A bowl of miso soup with rice will warm you up in no time at all.

"Rice and miso soup is one of the fastest dinners you can make," Val Cantu, the head chef at Californios in San Francisco, told Insider. "It's always a favorite, and still feels like a nice meal." 

Cantu said the trick is to make sure you strain the miso after putting your paste into the soup. 

"Also red miso (versus white miso) is totally worth switching to," he added. "White miso is what everyone starts with because it feels safe, but red miso is so much more flavorful and robust." 

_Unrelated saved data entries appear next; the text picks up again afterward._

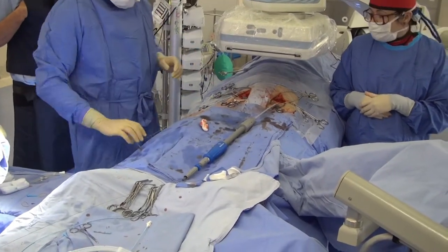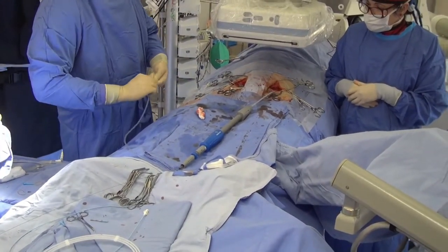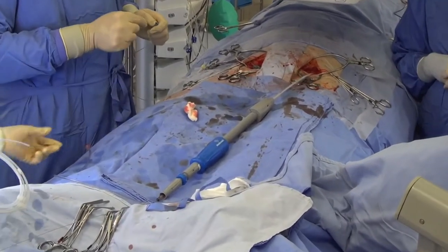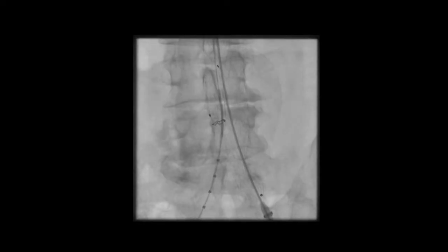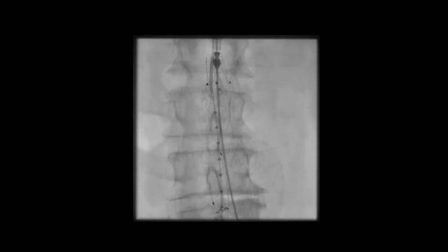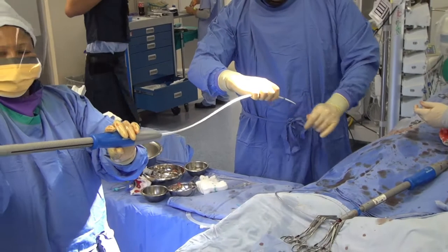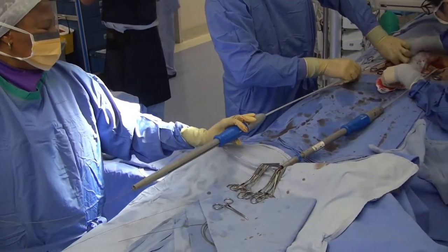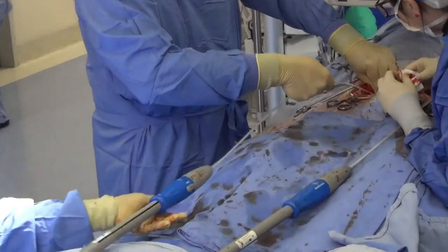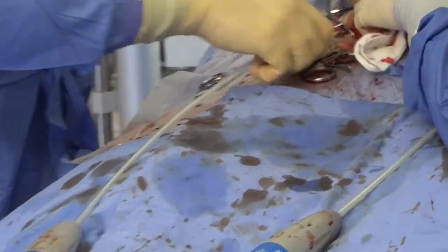The softer wire is placed on the contralateral side to cannulate the contralateral limb of the main stent prosthesis. This can be quite cumbersome, but in this specific case it was relatively straightforward due to the favorable anatomy. You can see the pigtail catheter being advanced into the main body. A stiff wire is advanced through the contralateral side before the contralateral limb is inserted via the femoral artery and iliac arteries into the main stent prosthesis.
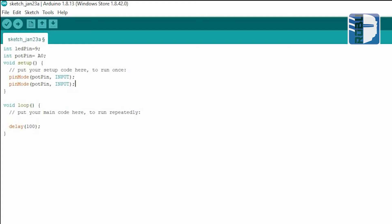In the loop function, we'll use the analog read function to read the value from the potentiometer.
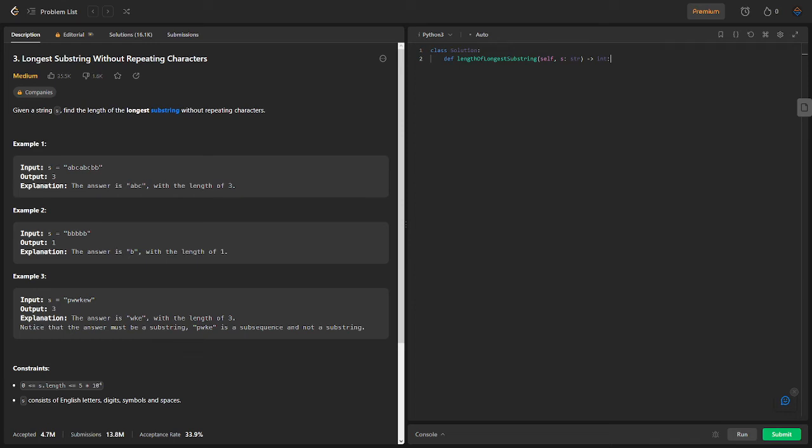Today, we'll be tackling an interesting coding problem: finding the length of the longest substring without repeating characters.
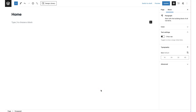This tutorial video is part of a series to help you learn more about the Cadence blocks and how you can use them to create amazing pages on your website. In this tutorial video, I am specifically looking at the row block, which is one of my favorite Cadence blocks.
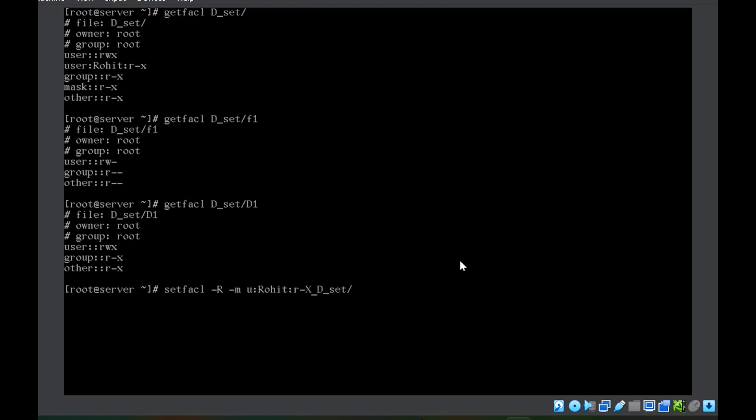Remember: you should not use small x, but should use capital X. This is very important — even in the exam. Capital X means regular files will not get the execute permission, whereas directories will get the execute permission. You don't want to give execute permission to a regular file because it cannot be executed, whereas without execute permission on subdirectories the user cannot enter them. So capital X grants execute to subdirectories but not to regular files.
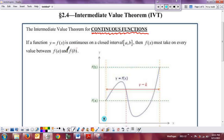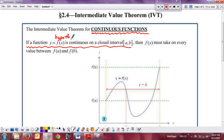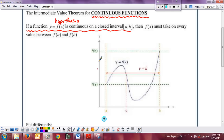Basically, IVT says: if you have a function and it is continuous on a closed interval — this is your hypothesis — then the function must take on every value between the y-value at a, f(a), and the y-value at b, f(b). It doesn't matter which one is larger. In this picture, f(a) is smaller and f(b) is bigger, but it doesn't have to be that way. At the beginning of the interval you're at f(a), and at the end you end up at f(b), either above or below, or even equal.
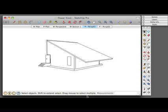In order to export drawings to layout, we're going to first need to set up sections and section cuts. Doing this in SketchUp is pretty easy.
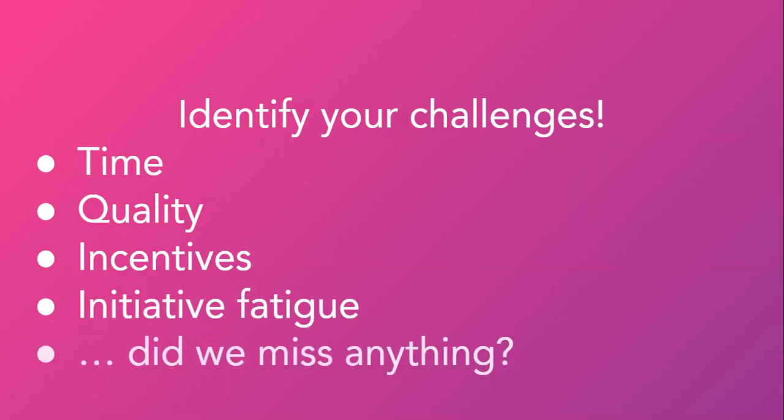Did we miss anything? Probably. These examples are not meant to be exhaustive, but are simply offered to highlight some of the common challenges we face moving forward in our OER pursuits on campus.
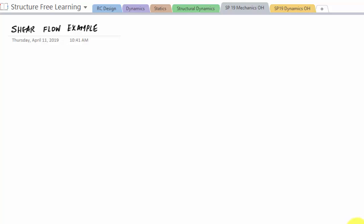All right, so we're back with office hours in mechanics with structure-free learning and we're going to do an example problem with shear flow again.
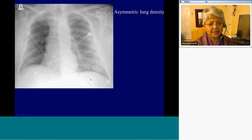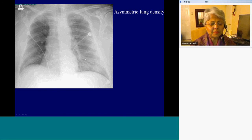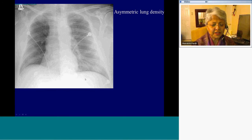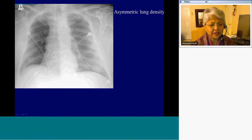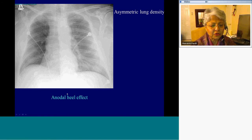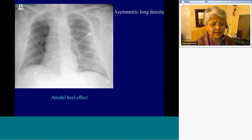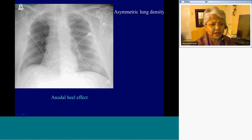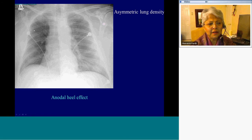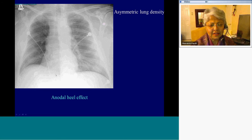The thing we should be aware of is asymmetric lung density. The various differential possibilities include layering pleural effusion in the supine position, asymmetric lung air trapping on the right, or partial collapse on the left. But more often than not, the asymmetry is caused by the anode heel effect — if the technician does not put the anode side of the X-ray tube towards the patient's head, it will result in this asymmetry. The way to tell this is technical is to compare the radiodensity of the soft tissues outside the chest wall — the left being denser than the right confirms it's a technical problem and not pathologic.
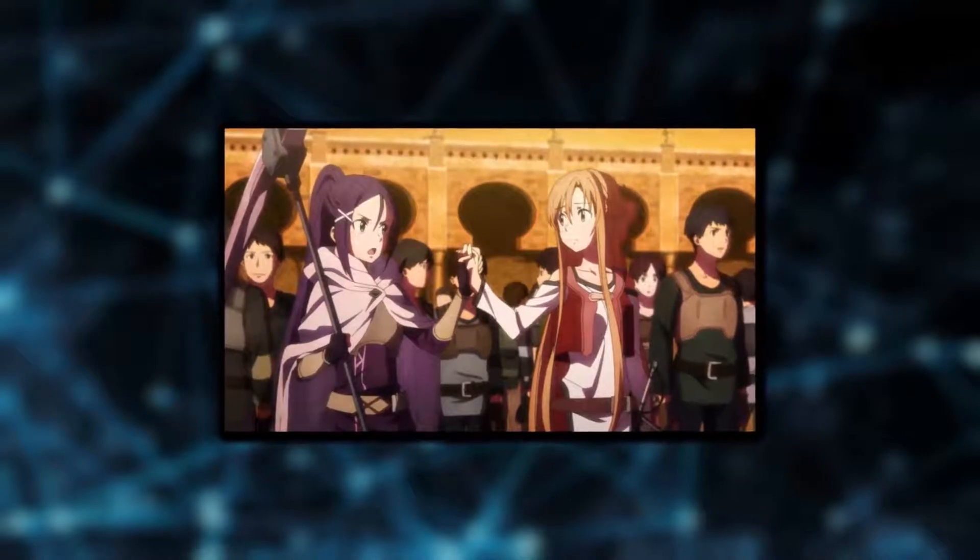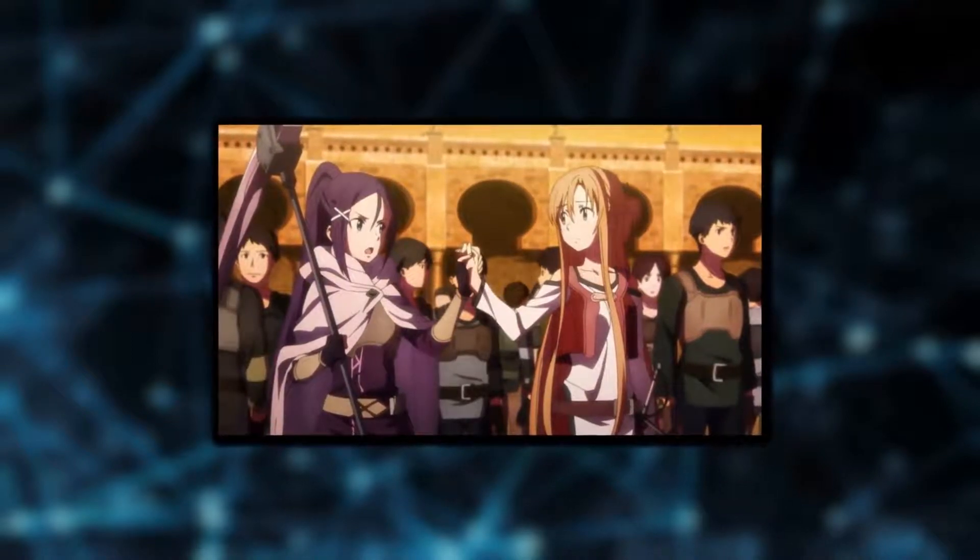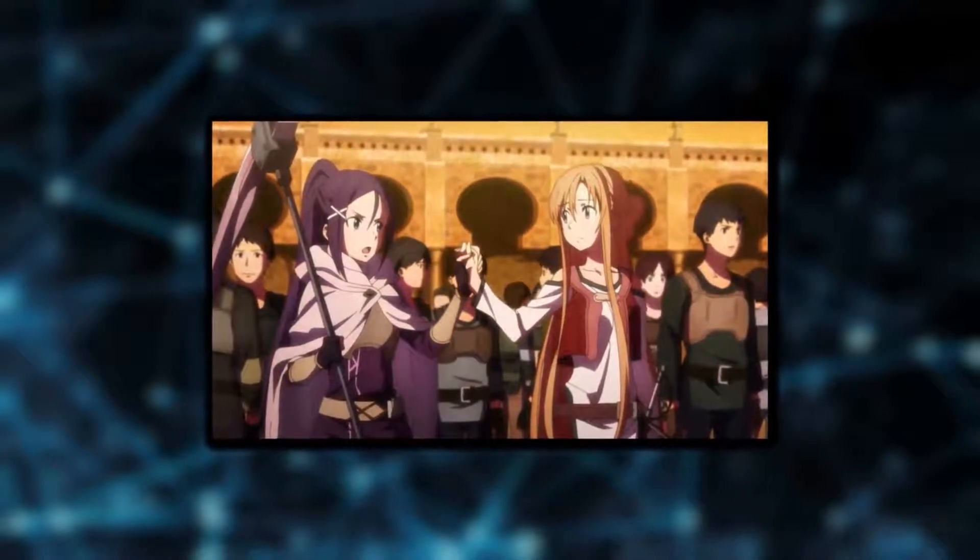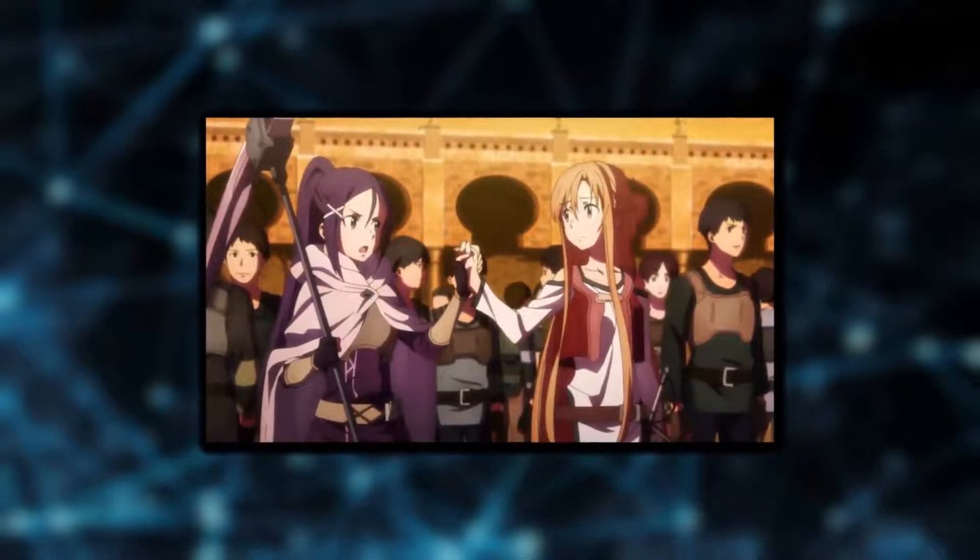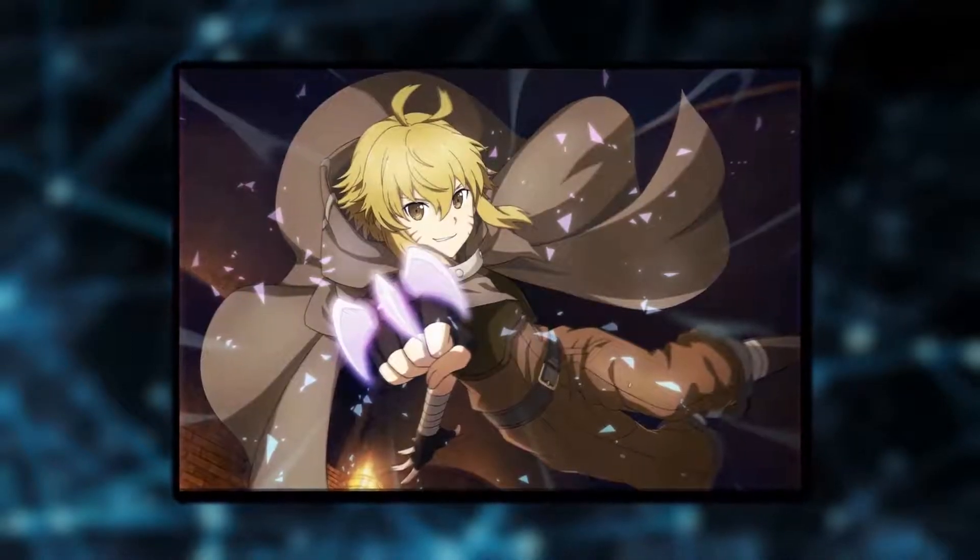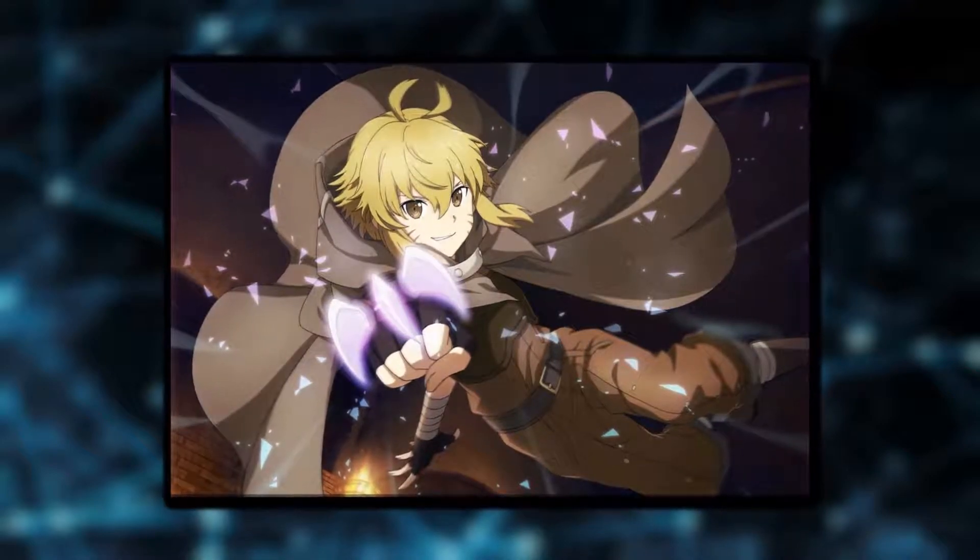We of course have Mito, who is a guilt-driven character that exists in the world of Asuna, and this mysterious character named Argo, which we'll probably see later on.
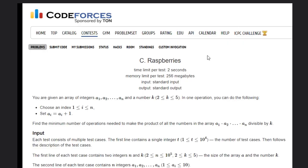Hello, welcome back to RetroConnect. Today we are going to see the Codeforces problem C, Raspberries.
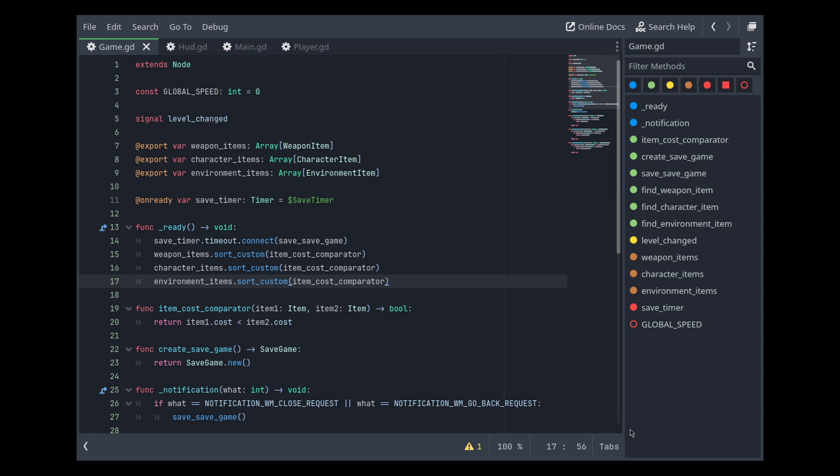Not only that but also on the right you can see this other tab with the different functions that the script has. So not only does it make the layout a little bit better but it also provides this new tab with all the functions there that make moving through the code much smoother.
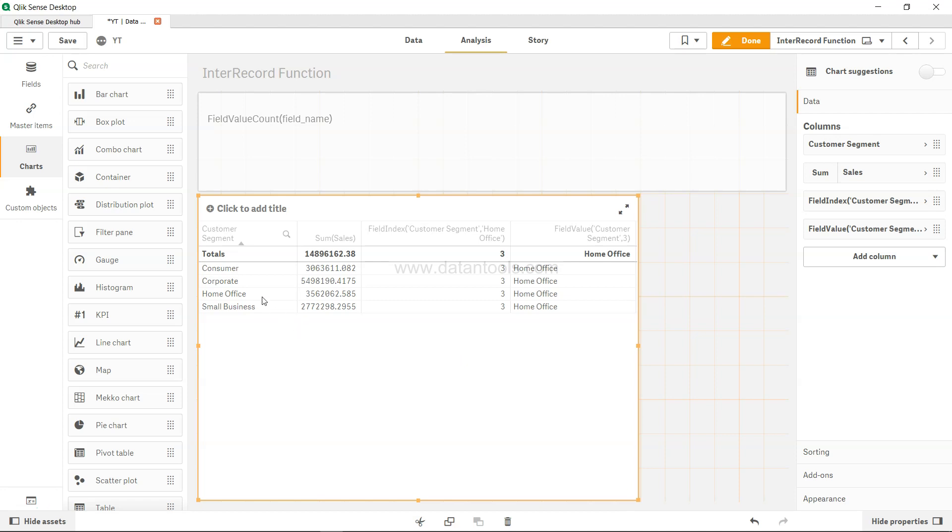For example, we have the field customer segment and as you can see we have these four unique values which are aggregated over here and giving you its respective sum.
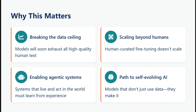Why does this paper matter? It matters a lot. It breaks the data ceiling problem — there won't always be an infinite amount of data to train LLMs, so the ability to generate datasets is crucial. Human-curated fine-tuning doesn't scale; you can't sit and label datasets indefinitely. It also enables agentic systems that are live and act in the world, which must learn from experiences rather than being stuck with information that's six months old. SEAL is part of the self-evolving AI movement — models that don't just use data, they make it.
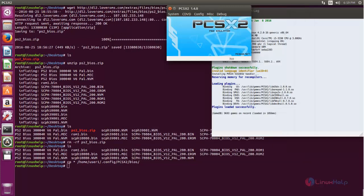So that's all about installing the PlayStation 2 emulator. Hope this video is helpful for you. Thank you for watching.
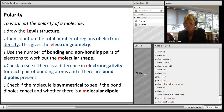Intermolecular forces are the forces between molecules. The easiest way to remember the difference: like the intranet versus the internet - intramolecular refers to bonds within the molecule, and intermolecular refers to forces between molecules.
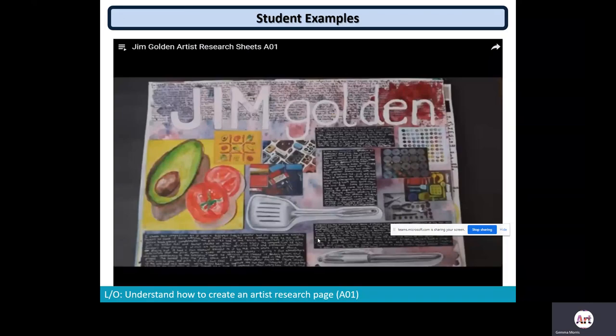I'd like you to have a look at this video — these are video scans of examples of artist research done in previous years. They are a range of different abilities, but as you watch, pick out some of the strengths you find. What makes a successful artist research? What skills, knowledge, and understanding are important? We also have some physical examples on the desk for you to look at today, including some moderated samples.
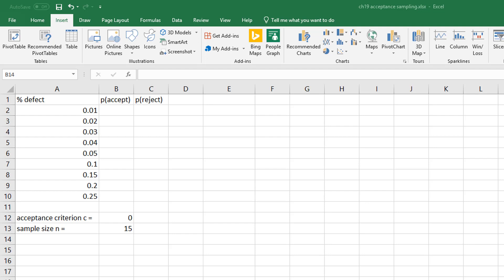So what they do is they come up with their acceptance criterion, which would just simply say the maximum number of defects. Once again, the example in your textbook says we will accept if there's no defects and we're going to take a sample size of 15. So either you accept it or you reject it.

And when it comes to the rice, Cantu recommends adding a fried egg on top or using the leftovers in your fridge to spice it up.

You can cook a perfect steak in 10 minutes, and it won't take much effort to whip up a delicious chimichurri sauce to go with it.

Cantu told Insider that chimichurri is one of his favorite "easy and super fast condiments" for steak. 

"I'll do parsley, cilantro, serrano peppers, and shallots with red wine vinegar or sherry vinegar," Cantu said. "And mix it with olive oil, salt, probably the zest of one lemon, and then the juice of that same lemon."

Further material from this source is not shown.